SUPPLIED DATA section start
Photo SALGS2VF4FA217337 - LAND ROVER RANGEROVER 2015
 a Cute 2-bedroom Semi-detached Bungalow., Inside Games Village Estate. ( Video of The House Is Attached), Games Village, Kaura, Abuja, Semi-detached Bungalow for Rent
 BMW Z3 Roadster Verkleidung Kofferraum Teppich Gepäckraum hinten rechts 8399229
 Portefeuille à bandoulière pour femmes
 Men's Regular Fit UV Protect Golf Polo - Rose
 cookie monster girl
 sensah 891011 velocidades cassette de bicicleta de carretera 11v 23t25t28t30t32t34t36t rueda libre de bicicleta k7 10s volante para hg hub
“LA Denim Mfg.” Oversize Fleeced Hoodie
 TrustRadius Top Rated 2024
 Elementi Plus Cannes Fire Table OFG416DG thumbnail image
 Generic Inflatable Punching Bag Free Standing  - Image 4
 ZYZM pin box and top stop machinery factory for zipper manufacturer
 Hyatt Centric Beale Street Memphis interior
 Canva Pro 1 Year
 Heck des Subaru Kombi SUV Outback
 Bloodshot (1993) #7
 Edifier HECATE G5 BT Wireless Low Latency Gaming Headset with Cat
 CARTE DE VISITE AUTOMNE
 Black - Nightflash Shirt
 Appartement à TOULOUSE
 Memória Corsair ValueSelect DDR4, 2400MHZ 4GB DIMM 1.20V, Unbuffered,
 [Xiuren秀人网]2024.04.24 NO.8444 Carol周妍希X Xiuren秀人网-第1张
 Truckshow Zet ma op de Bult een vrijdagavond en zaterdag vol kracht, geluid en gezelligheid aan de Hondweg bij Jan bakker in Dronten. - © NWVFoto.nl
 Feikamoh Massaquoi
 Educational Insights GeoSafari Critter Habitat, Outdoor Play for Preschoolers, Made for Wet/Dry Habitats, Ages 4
SUPPLIED DATA section end
▸ **WHAT THE TASK ASKS**
Output only an exact transcription of the lines above from the one with "Bloodshot (1993) #7" up to and including the one with "Feikamoh Massaquoi".

▸ **ANSWER TO THIS PROBLEM**
 Bloodshot (1993) #7
 Edifier HECATE G5 BT Wireless Low Latency Gaming Headset with Cat
 CARTE DE VISITE AUTOMNE
 Black - Nightflash Shirt
 Appartement à TOULOUSE
 Memória Corsair ValueSelect DDR4, 2400MHZ 4GB DIMM 1.20V, Unbuffered,
 [Xiuren秀人网]2024.04.24 NO.8444 Carol周妍希X Xiuren秀人网-第1张
 Truckshow Zet ma op de Bult een vrijdagavond en zaterdag vol kracht, geluid en gezelligheid aan de Hondweg bij Jan bakker in Dronten. - © NWVFoto.nl
 Feikamoh Massaquoi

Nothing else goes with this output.